‘Many global weather anomalies this year’


When it rained in the Middle East, the high pressure system moved south eastwards and was positioned close to the Middle East. Photo - Times of Oman

Scientists believe they have discovered the cause of the extreme weather that hit the Middle East. When dry cold air meets warm moist air, a phenomenon called 'occlusion' occurs. This caused the record rainfall in Gulf region last month

Muscat: An unusual weather system called 'occlusion' explains the record rainfall in the Middle East, including Oman, in the third week of November, a senior scientist in Abu Dhabi has claimed.

Scientists believe they have discovered the cause of the extreme weather that hit the Middle East.

Around nine people were killed and 200 others had to be rescued after they were trapped in water currents when heavy rains and thunderstorms lashed across Oman in the third week of November.

Following a heavy downpour in the countries across the Middle East, its causes were investigated by the scientists at the Centre for Prototype Climate Modelling at New York University Abu Dhabi.

Senior Scientist Dr Ajaya Ravindran claimed that during the investigation, they found that 2013 was marked by many global weather anomalies, such as unusual jet stream patterns, strong monsoons, heat waves, intense snowfall over the US and Europe, besides the rains in the Middle East.

"The weather bureaus correctly forecasted and attributed the cause of the last pattern to an atmospheric low pressure system that moved across the Middle East countries. But we wanted to learn more about the origins of this weather event," he told the Times of Oman.

In mid-November, Cyclone Hilde formed off the southern coast of Greenland and brought high winds and rain to Norway, Sweden, and Finland. Around the same time, another cyclone, Cleopatra, formed over the Mediterranean and brought destructive rain and flooding to the Italian island of Sardinia.

Cyclones occur rarely over the Mediterranean Sea. "A wave-like atmospheric flow controls the winter weather of mid-latitudes. These are basically a chain of cyclone-anticyclone circulation patterns propagating from west to east. An anticyclone, which is characterised by a high pressure centre around 55°N and clockwise rotating winds, followed Cleopatra.

"Over the next few days, when the rain over the Middle East occurred, this high pressure system moved south eastwards and was positioned close to the Middle East. Eventually, the cold dry air of the anticyclone met the warm moist air from the Arabian Sea and Africa," he said.
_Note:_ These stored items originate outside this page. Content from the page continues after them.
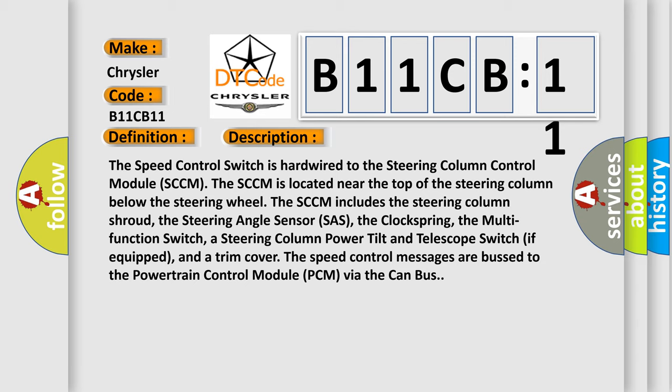a steering column power tilt and telescope switch if equipped, and a trim cover. However, the speed control messages are bussed to the powertrain control module PCM via the CAN bus.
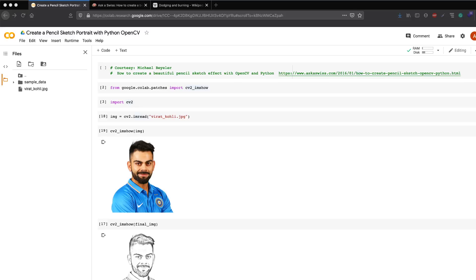Hey friends, welcome to One Little Coder. In this video tutorial, we're going to see how to create a pencil sketch portrait using Python and OpenCV. This tutorial is something we're going to do on Google Colab, so anyone can simply replicate whatever I'm doing while watching this video.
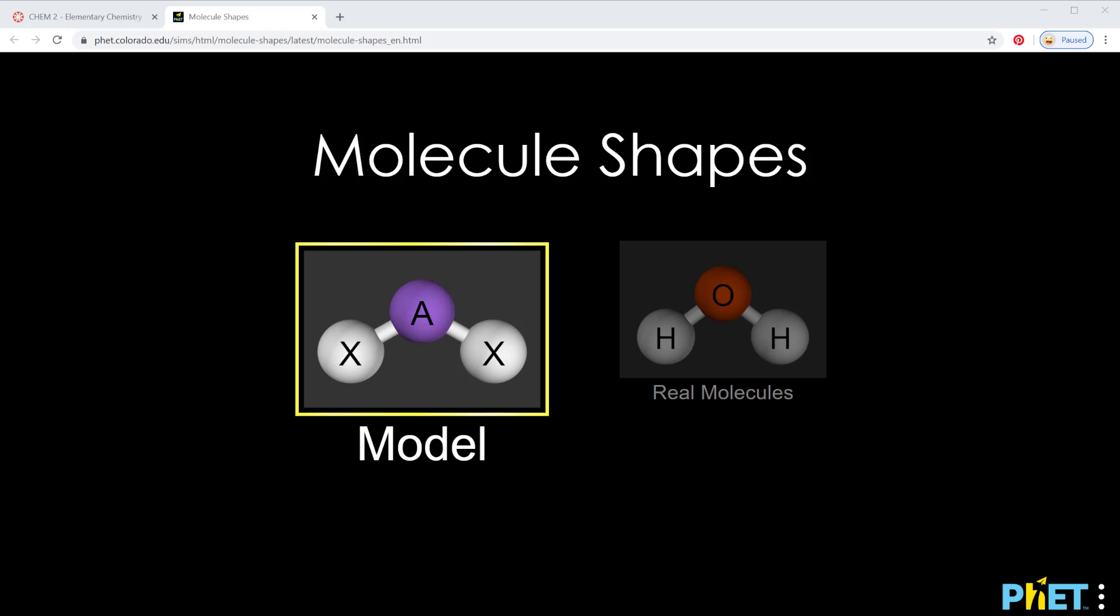We're taking a look today at modeling from PhET. It's a great set of simulations with all kinds of good physical science simulations. Since we can't build in lab right now, we're going to use models here to look at some of the structures that we're going to learn about in class.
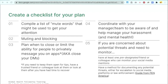If you need to keep your DMs open for tips, have a trusted friend or colleague look at them for you, or wait to look at them after you've had time to recover. Coordinate with your manager or team to be aware of and help manage your harassment and mental health — this may mean taking a day off, having a light day, or having them remove distressing topics from your plate. If you're concerned about safety threats, designate at least one friend or colleague to monitor your social media mentions, and have a method for documenting potential threats to escalate to social media platforms or law enforcement. PEN America has a guide on good documentation practices.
When dry cold air meets warm moist air, a phenomenon called 'occlusion' occurs. "This results in the formation of a low pressure area, followed by clouds, and, finally, rain. The amount of rain is determined by the amount of moisture carried by the warm air. This year, the unusually strong Indian monsoon left a great deal of moisture over the Arabian Sea. (The level of moisture over Arabian Sea in October and November was 15 to 20 per cent higher than normal.)

"During the rains in November, the meeting of the dry cold air from the anticyclone and the warm moist air from the tropics triggered a low over the upper Arabian Gulf, which moved south-east down the Gulf after dumping rain over Kuwait, Bahrain, Eastern Saudi Arabia, Qatar, the UAE and Oman," he said.

Scientists at the centre conducted several "hindcasts" with the Weather Research and Forecasting (WRF) models using the assimilated data obtained from various weather agencies like NCEP GFS (National Centre for Environmental Prediction Global Forecast System).

"With these hindcasts, we were able to simulate the extreme rainfall events over the Middle East, which is an example of the ability of the contemporary weather and climate models in simulating extreme weather events," he added.

However, he said that it is too early to blame it on climate change. "It is too early to attribute this rainfall — or any recent isolated weather event — to climate change. That kind of determination must come from a detailed comparison of the present climate to the past and future (projected) climates. Scientists at our centre are in the process of such an investigation," he added.